Bild: Wer marschiert hier eigentlich mit wem? Klar ist: Es geht um die Freiheit.
Mehr als eine Million Menschen waren in Paris auf der Straße. So viele,
dass die genaue Zahl auch schon wieder egal ist, zogen vom Platz der
Republik zum Platz der Nation. Darunter Regierungschefs und Minister aus
Frankreich, Deutschland, Italien, Israel, Palästina, Ägypten, Algerien und
vielen anderen Ländern. Christen, Muslime, Juden und Atheisten.

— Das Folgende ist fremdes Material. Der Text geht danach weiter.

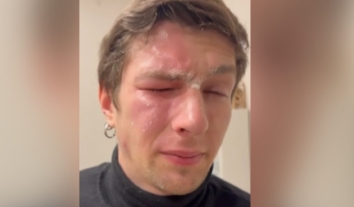 У Львові сусідка розпилила газовий балончик в обличчя ветерану, який пережив російський полон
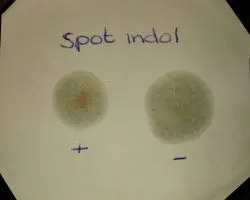 Spot Indole Test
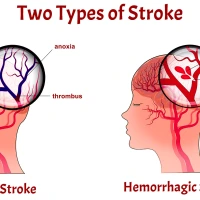 Types of Stroke - Ischemic Stroke vs Hemorrhagic Stroke: Symptoms, Diagnosis, Treatment, and Prognosis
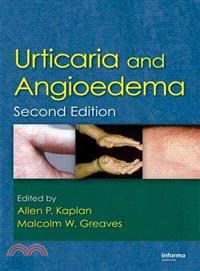 Urticaria and Angioedema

Radikalliberale und extrem Konservative. Und sicher auch Rechtsextreme,
auch wenn die keiner eingeladen hat. Also alle. So viele jedenfalls, dass
man schon wieder skeptisch werden muss. Die wollen tatsächlich jetzt
Charlie sein?
Massensolidaritätsveranstaltungen wie die gestern in Paris oder die, die
SPD-Chef Sigmar Gabriel für nächstes Wochenende initiieren möchte, haben
einen faden Beigeschmack. Denn da läuft eine ganze Reihe Menschen mit, mit
denen man eigentlich niemals einer Meinung sein möchte. In Frankreich zum
Beispiel der Front National. In Deutschland etwa die AfD und Pegida. In
beiden Ländern extrem religiöse Muslime, Christen oder Juden.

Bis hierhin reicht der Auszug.